In War of the Arrows, Nam-Yi has grown up wedded to the bow. Despite his family being purged during the overthrow of the last king, despite his acceptance that his life will never be allowed to amount to much, he still takes on the last commandment of his father, shoulders his legacy, and becomes a skilled archer in order to protect his younger sister. But aside from his skill, he's pretty much grown up as a delinquent, and isn't too pleased when his sister decides to get married. All of these petty concerns are thrown aside when the Manchurians invade, slaughter his adoptive family, and kidnap his sister. Then it becomes all about finding and rescuing her. The thing is that the Manchurians are reputedly the best archers in the world. So instead of two snipers facing off against each other, it turns out to be Nam-Yi versus a whole army of snipers. To make matters worse, before he even learns of his sister's fate, he bumps into the invading Manchurian prince and his elite guard. So now, not only is he chasing after his kidnapped sister, he's pursued by the best archers in the Manchurian army. It's the ultimate chase movie.
War of the Arrows is brilliant stuff. I was hooked from beginning to end. It's got it all, drama, comedy, plenty of action.

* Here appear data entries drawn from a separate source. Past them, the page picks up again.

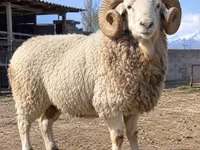 मेढ़ा, Kyrgyz Mountain merino sheep — फ़ोटो 1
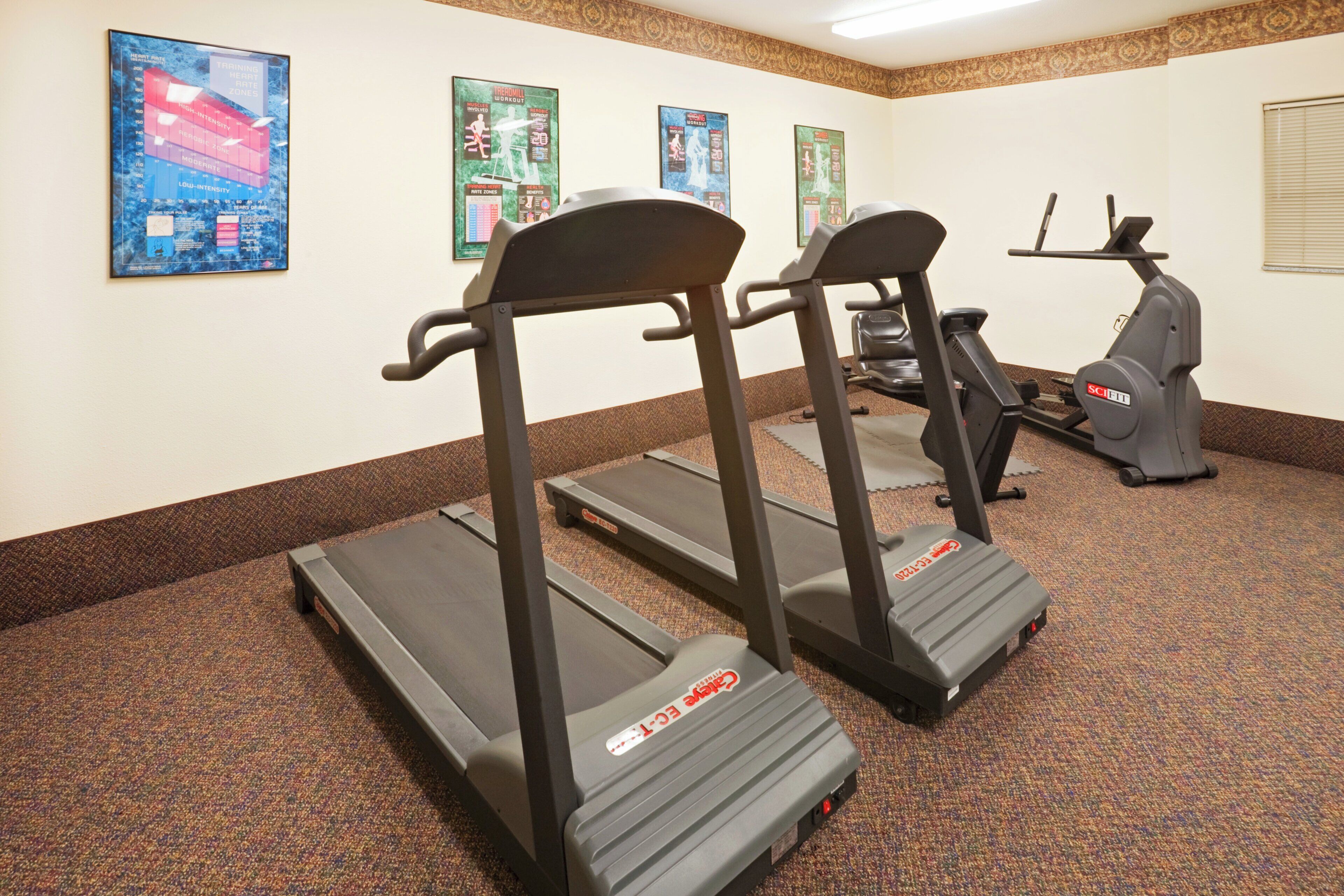 A fitness room with treadmills and an elliptical machine.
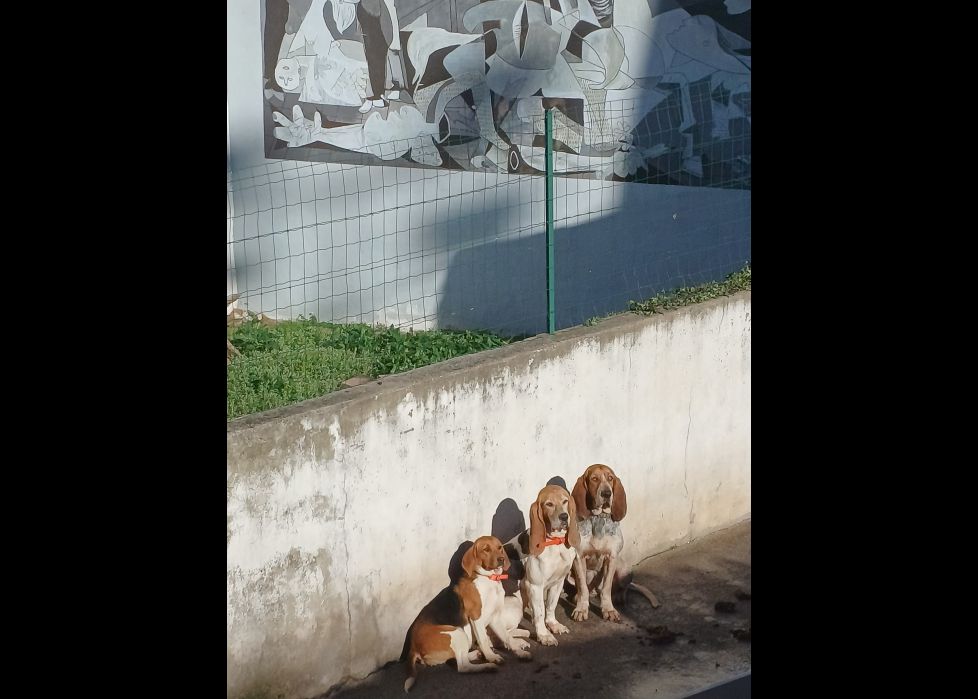 Perros.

It has scenery chewing villains, charismatic heroes, its combat action sequences are stunningly well choreographed, and I was glued to the screen. Hollywood can only dream of making action cinema this engrossing. I can't recommend War of the Arrows enough.
I've just thought of another decent movie about archery. It's also a Korean movie called The Bow, although it's more of an art house piece, as far from an action movie as you can get.